Sicherheit beim Absperren

Beim Absperren von Rohrleitungen, die unter Druck stehen, werden selbst routinierte Spezialisten vorsichtig und nehmen das Thema Sicherheit sehr ernst.

Bis zu einem Betriebsdruck von 1 bar haben sich vor allem in der Gasverteilung Absperrblasen, die über Blasensetzgeräte eingeführt werden als eine zuverlässige Lösung erwiesen.

Drücke, die stärker sind benötigen eine erheblich aufwendigere Lösung zur Abdichtung.
Lösungen mit Hochdruckblasen sind nicht nur mit einem hohen Zeit- und Kostenaufwand verbunden, sie erfordern meist auch ein starkes Reduzieren des anstehenden Leitungsdruckes.

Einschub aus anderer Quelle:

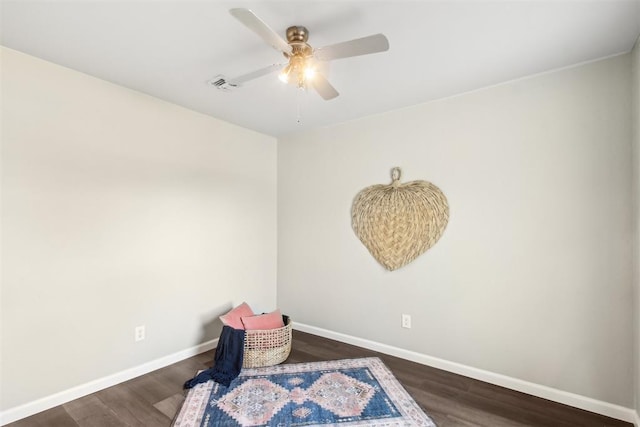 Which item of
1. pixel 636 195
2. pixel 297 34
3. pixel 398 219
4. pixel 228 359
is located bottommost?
pixel 228 359

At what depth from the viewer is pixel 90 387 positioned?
226 cm

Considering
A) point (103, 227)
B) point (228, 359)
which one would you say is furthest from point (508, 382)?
point (103, 227)

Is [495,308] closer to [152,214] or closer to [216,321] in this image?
[216,321]

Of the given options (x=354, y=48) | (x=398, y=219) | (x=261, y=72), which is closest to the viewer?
(x=354, y=48)

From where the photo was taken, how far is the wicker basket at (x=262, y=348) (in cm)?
264

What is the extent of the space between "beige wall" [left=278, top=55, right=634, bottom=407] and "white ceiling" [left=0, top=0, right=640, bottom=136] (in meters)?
0.28

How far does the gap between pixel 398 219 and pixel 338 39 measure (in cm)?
164

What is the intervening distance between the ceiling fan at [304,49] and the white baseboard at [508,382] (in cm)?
233

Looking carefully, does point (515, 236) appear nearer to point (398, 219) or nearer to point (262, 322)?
point (398, 219)

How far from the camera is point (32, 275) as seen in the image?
80.4 inches

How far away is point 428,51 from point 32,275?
2.91 meters

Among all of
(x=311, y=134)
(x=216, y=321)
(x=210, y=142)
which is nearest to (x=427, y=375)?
(x=216, y=321)

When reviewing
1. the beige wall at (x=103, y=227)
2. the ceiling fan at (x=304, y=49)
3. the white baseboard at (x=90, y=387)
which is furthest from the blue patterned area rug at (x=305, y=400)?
the ceiling fan at (x=304, y=49)

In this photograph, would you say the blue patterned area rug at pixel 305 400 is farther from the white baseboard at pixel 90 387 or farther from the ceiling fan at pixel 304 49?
the ceiling fan at pixel 304 49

Vor allem aber besteht dabei ein erhebliches Restrisiko, denn die herkömmliche Blasensetztechnik stößt in diesem Druckbereich deutlich an ihre Grenzen.

Zur Thematik Rohrabsperrtechnik stellt städtler + beck seine neueste Entwicklung, welche die Bezeichnung TITAN 8plus trägt, vor.

Dieses Universal Anbohr- und Absperr-System kann nicht nur satte 8 bar Leitungsdruck standhalten.

Es steht auch für eine völlig neue Technologie, die auch ein schnelles und zuverlässiges Absperren von Rohrleitungen mit mehr als 1 bar Betriebsdruck erlaubt.

Hier wird sich nicht auf herkömmliche Blasen ausgerichtet, sondern auf einen extrem robusten Gummi- stopfen. Dieser wird unter Druck zentrisch in das angebohrte Rohr gepresst, wo er für eine extrem sichere Abdichtung sorgt.

Diese Absperrtechnik ist nicht nur schneller und einfacher als die herkömmliche Blasensetztechnik, so der Hersteller, es wird auch eine kompromisslose Sicherheit selbst bei hohen Betriebsdrücken geboten.
Einfach deswegen, weil ein massiver Gummipfropfen nicht platzen kann und noch dazu weitaus robuster ist als jede Gummiblase.

Angeboten wird das Produkt in drei Dimensionen, passend zu Rohrleitungen von DN 25 bis DN 300.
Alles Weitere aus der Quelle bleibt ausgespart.